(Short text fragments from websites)
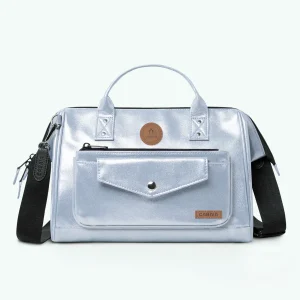 Crossbody Adventurer Large Fidji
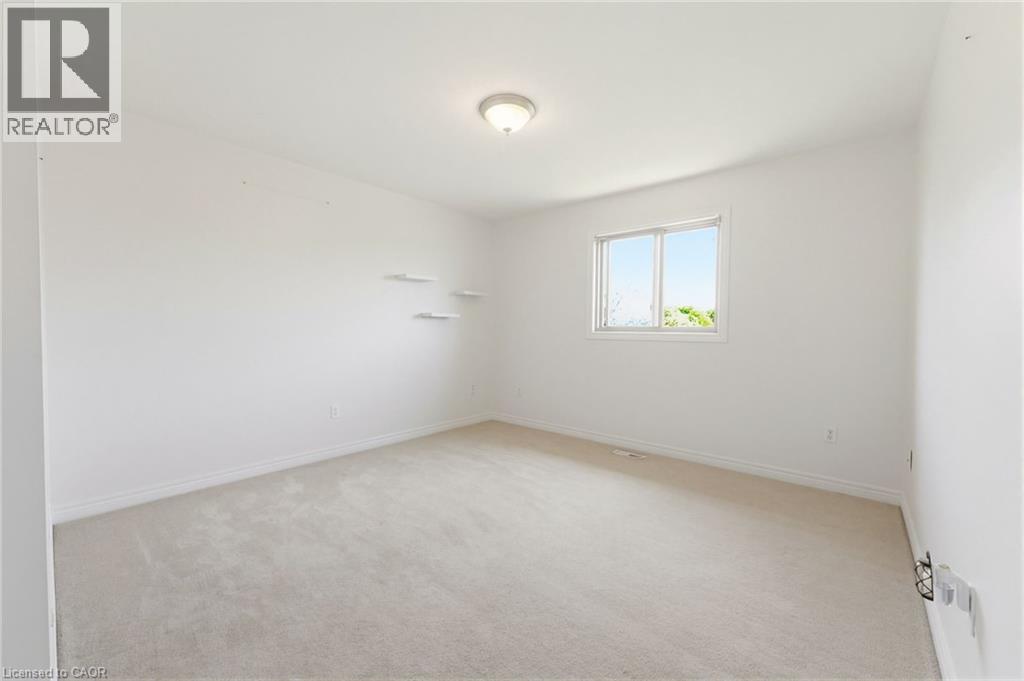 40 LANZA Court - 22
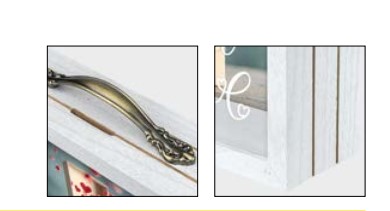 Captura de pantalla 2025-08-13 120900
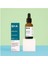 Zinc Pca Serum 30 ml 1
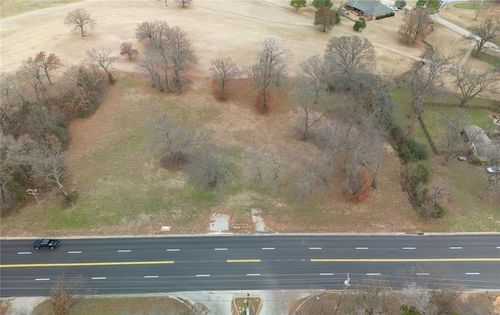 0000 E Highland St, Shawnee, OK, 74801 | Card Image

▸ REQUIRED ACTION
Although the records above include pictures, the copy must contain only their exact text.

▸ WRITTEN SOLUTION
 Crossbody Adventurer Large Fidji
 40 LANZA Court - 22
 Captura de pantalla 2025-08-13 120900
 Zinc Pca Serum 30 ml 1
 0000 E Highland St, Shawnee, OK, 74801 | Card Image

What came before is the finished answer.